I’m the platform and I moved your cheese. Image Didriks.
The “platform strategy” concept is sometimes used interchangeably with the “ecosystem” claim. But, other times, they are different. Sometimes the ecosystem seems to be that you have a product and then all sorts of other people partner with you to in-fact standardize themselves on your product.
In this scenario, you are not a candle manufacturer, but a luminary platform for connecting the unlighted with end-to-end lighting solutions. Under that guise, everyone should make their candelabras, lamps, and chambersticks to your specifications. Once they do this, they should give you 15% of all lighting-related revenue. Or maybe they don’t give you anything, but after many cordial handshakes the spirit of enlightenment glistens off your pasty skins with such luminescence that your saintly glows will metamorphose hope into EBITA.
I mean it’s nice being ambitious and great that you’d like to emulate Amazon or Apple or Salesforce, but why would this work for you? What do you have to offer? The aforementioned corporations had huge resources and a giant client base that was in near-perpetual contact with them.
Platforms are a plutocrats’ game, where a dominant player entrenches and extends itself through harnessing unparalleled reach and a giant customer base into adjacent markets. Platforms and ecosystems are, to me, a billionaire’s second act or a way to recycle existing customers by cross-selling them services. For the leviathans, this is a game that will get you a bigger plane. For the rest of us, it’s probably not a wise or realistic choice.
They willed their platform plays into existence with billions in funding and millions of customers. They are big enough to make their own gravity and planets. You are an asteroid at best, careening around a universe upon which you can not exert any control. Their moves are news and they have huge reach and credibility. Can the rest of us achieve the same escape velocities with our dreams?

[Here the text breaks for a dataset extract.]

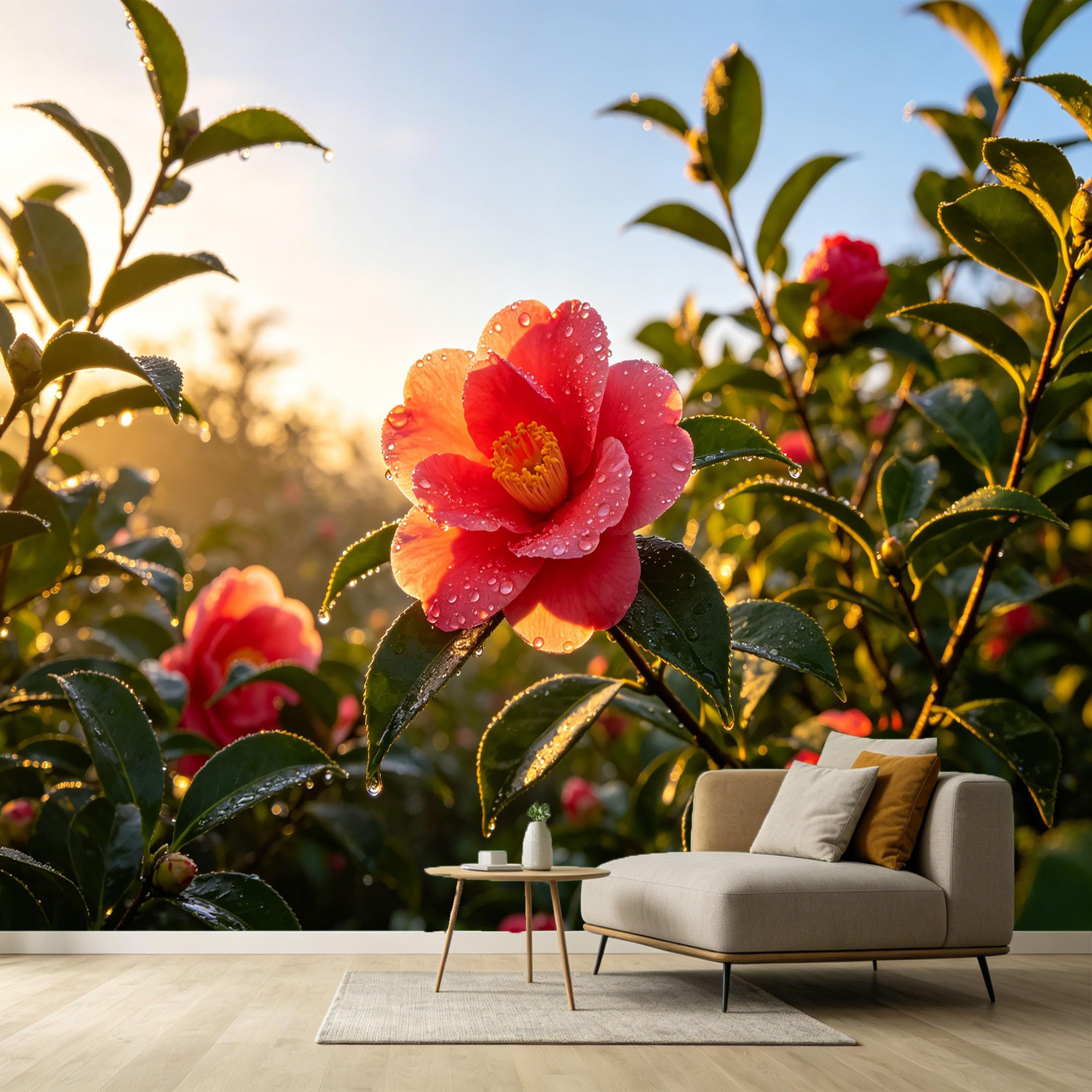 Custom Size Wall Murals Pink Camellia Botanical Watercolor Morning Sunlight Dew Drops SelfAdhesive Wall Fabric Removable Large Wallpaper for Photo Living Room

In which cases could a platform make sense? For what markets, value chains, or circumstances? No one, so far, can answer me that. And it’s this that has my internal bullsh*t meter going haywire. A platform is proposed as a near-universal sop—a catch-all strategy that can be universally applied in all cases for everyone. And this to me signals that it is a worrisome choice for most.
On the Caribbean island of Curacao, and in many other places, they have a product called Alcolado Glacial. It’s a little bottle that you can take everywhere that has a menthol aroma and is 76% alcohol. They call it “air conditioning in a bottle” and spray it on when it’s hot. But Alcolado Glacial is so much more. Have a headache? Rub some Alcolado Glacial on your temples. Trouble sleeping? Spray some Alcolado Glacial on your forehead. Flu coming on? Alcolado Glacial. Joint pain? Sore muscles? Upset stomach? Insect bite? Alcolado Glacial.
A friend told me once that, when he was a child, whatever the injury, a quick dab of Alcolado Glacial would be applied by his mother or grandma. It was also used to help babies sleep. In some cases, Alcolado Glacial may have a beneficial effect, but in all cases, the people of Curacao have conditioned themselves to experience love and tender care from a bottle. The smell and sensation mean that the pain will go away and will not last forever. I believe that a platform strategy is the business equivalent of Alcolado Glacial.
Wanting to be a platform is like me waking up one morning and deciding that It would be nice to be a football club and proclaiming this loudly to the world. If enough people hear me, surely I will transmogrify into a football club. This is plainly absurd, but so is your strategy. This example is just clearer because it is not couched in ConsultantSpeak and doublethink.
I don’t understand the underpinnings of the ambition of why specifically this would be a good strategy, and what steps are being taken to make this happen? There’s a disconnect between the moment of proclaiming this strategy, partnerships with like-minded folk, and any subsequent building of the reality. I’m really beginning to think that platform strategy may be a kind of corporate magical thinking.
“Magical thinking, or superstitious thinking, is the belief that unrelated events are causally connected despite the absence of any plausible causal link between them, particularly as a result of supernatural effects. Examples include the idea that personal thoughts can influence the external world without acting on them, or that objects must be causally connected if they resemble each other or came in contact with each other in the past. Magical thinking is a type of fallacious thinking and is a common source of invalid causal inferences. Unlike the confusion of correlation with causation, magical thinking does not require the events to be correlated.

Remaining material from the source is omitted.